Saturday, June 27, 2009

i wanna live here

Or at least be friends with the people who live here. These images are stolen from Apartment Therapy. It's someone's place in NYC. (Edit: Sorry, I got so excited looking at it, I didn't read everything. It's actually the apartment of the guy who was the leader of the CrashTest Dummies and his wife!) Doesn't it fit my aesthetic perfectly? Except for the gross fake or taxidermied birds, that is.





xoxo

11 comments:

Craig H said...

You're just saying that cuz you're figuring their roof isn't leaking. Everybody knows that proper home decor REQUIRES a Tim Wakefield picture somewhere in the living room.

malevolent andrea said...

Yeah, yeah, you just remember who gave you the picture of Timmy as a housewarming gift and thank your lucky stars you have friends who honor *your* design aesthetics even though theirs horrify you. :-)

Craig H said...

Are you meaning to imply that mine horrify you? You just be careful about dissin' DA MAN or you'll wind up with a framed, full color autographed E6, if only I could bring myself to be party to the acquisition. (Now THAT would be a home decorating horror).

malevolent andrea said...

hahaha No! I'm implying that mine horrify you, as you well know. A poster of E6 might make me take up playing darts. And new hobbies are always good, right? :-) :-)

Craig H said...

Just for the record, yours do not horrify me either, though, as should be pretty clear by the lack of Bobby Orr photos, they wouldn't quite be my first choice, which is not meant as a dis, but just as a distancing in case my credentials as a beer/sports/sex guy ever get called into question.

malevolent andrea said...

What? Do you think the fact that you recently bought your first original painting calls into question your frat boy cred? :-)

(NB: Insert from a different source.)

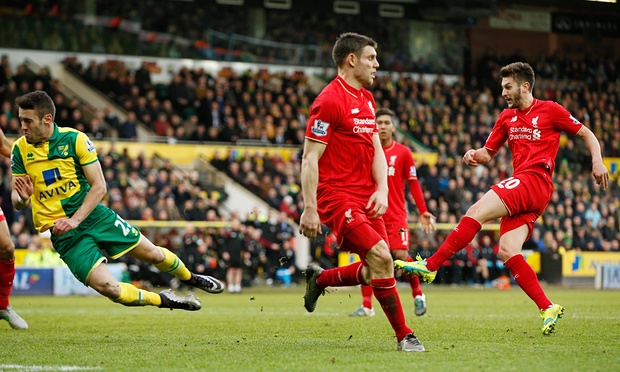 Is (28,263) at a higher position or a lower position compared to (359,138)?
lower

Readers: Mr Barma is a patron of the arts. Isn't that cool? Now you all go back to imagining him as eternally watching hockey on his couch, feet up on the coffee table, drinking beer and getting blowjobs in between periods. Or something like that.

Seriously, Ima get off my couch any time now, bathe, and get something done today. Any.Time.Now.

Craig H said...

Ixnay on the aintingpay. I already get enough grief about conjectured homosexuality because my place is always clean. I've tried to explain to folks it's because my beer-drinking, hockey-watching female sex partners all like to give the place a once over before they leave, but they're hesitant to believe it. I wonder if Mahatma had to go through this kind of thing...

malevolent andrea said...

"I'm thin, I'm single, and I'm neat."

and

"He used to dip his bald head in oil and rub it all over my body..."

"The MAHATMA?"

Uncle said...

These discussions are one of the most entertaining subtexts of the adventures.

(Applause)

Uncle said...

I shoulda said too, that if there were such a thing as a gay hunting lodge in the Adirondacks, this is what it would look like. ;)

malevolent andrea said...

Yabbut, would a crossdresser who could help me make my hair look like Patsy Stone's with the help of Bumpits live there? That's the question, really.